Task to complete:
Reproduce the data exactly as given, except for any images.

Available data:
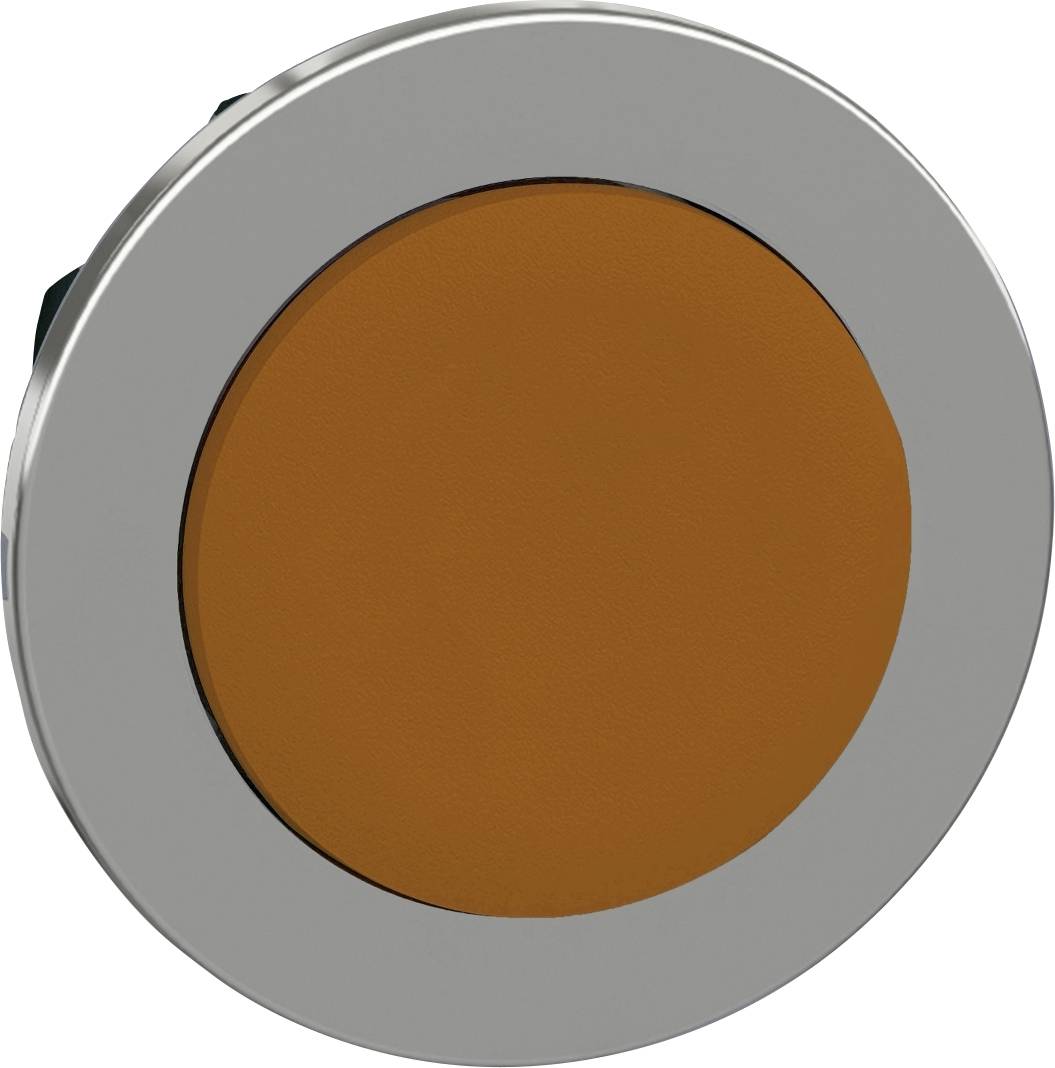 Ein orangefarbener runder Knopf in einem silbernen Gehäuse, möglicherweise ein Druckknopf oder Schalter.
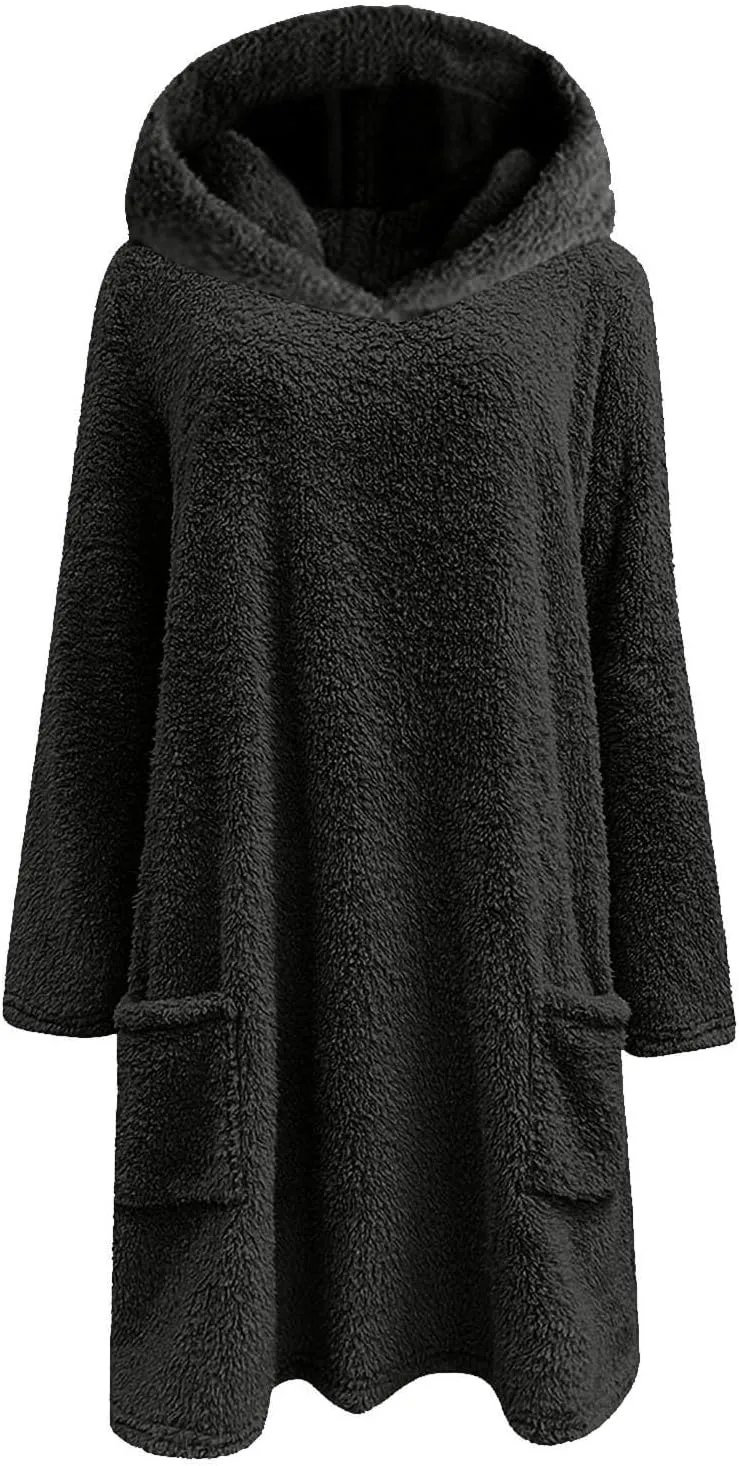 Sherpa Hoodie Dress for Women Cute Fuzzy Long Sleeve Sweatshirt Dress Casual Fall Mini Sweater Dress with Pockets
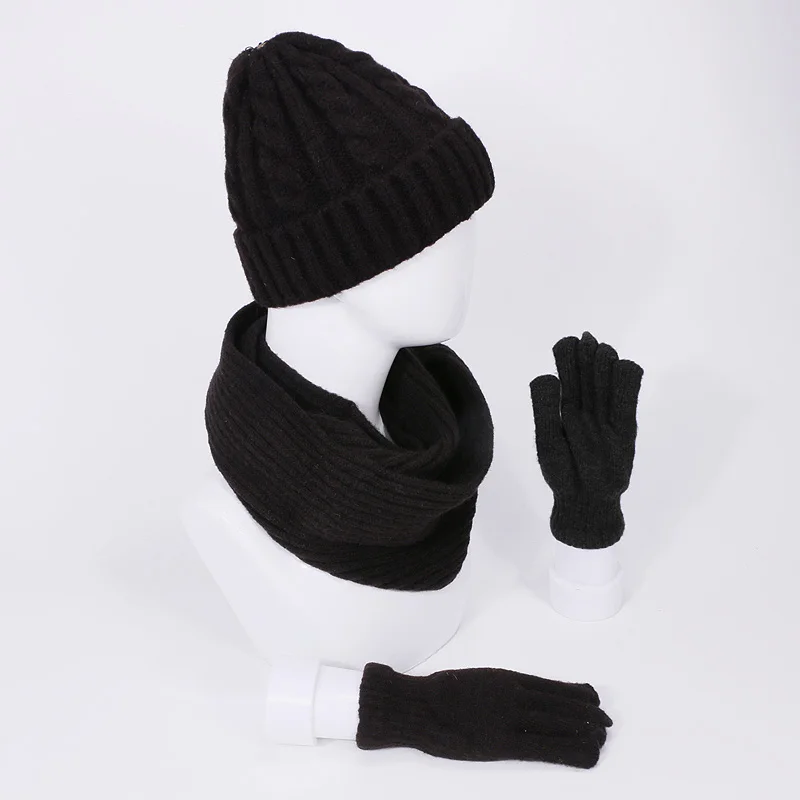 Шарф, шапка, перчатки, набор из трех частей, зимние осенние уличные теплые шапки, шарфы, перчатки, набор для женщин и мужчин, унисекс, Прямая поставка - Цвет: E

Your response:
 Ein orangefarbener runder Knopf in einem silbernen Gehäuse, möglicherweise ein Druckknopf oder Schalter.
 Sherpa Hoodie Dress for Women Cute Fuzzy Long Sleeve Sweatshirt Dress Casual Fall Mini Sweater Dress with Pockets
 Шарф, шапка, перчатки, набор из трех частей, зимние осенние уличные теплые шапки, шарфы, перчатки, набор для женщин и мужчин, унисекс, Прямая поставка - Цвет: E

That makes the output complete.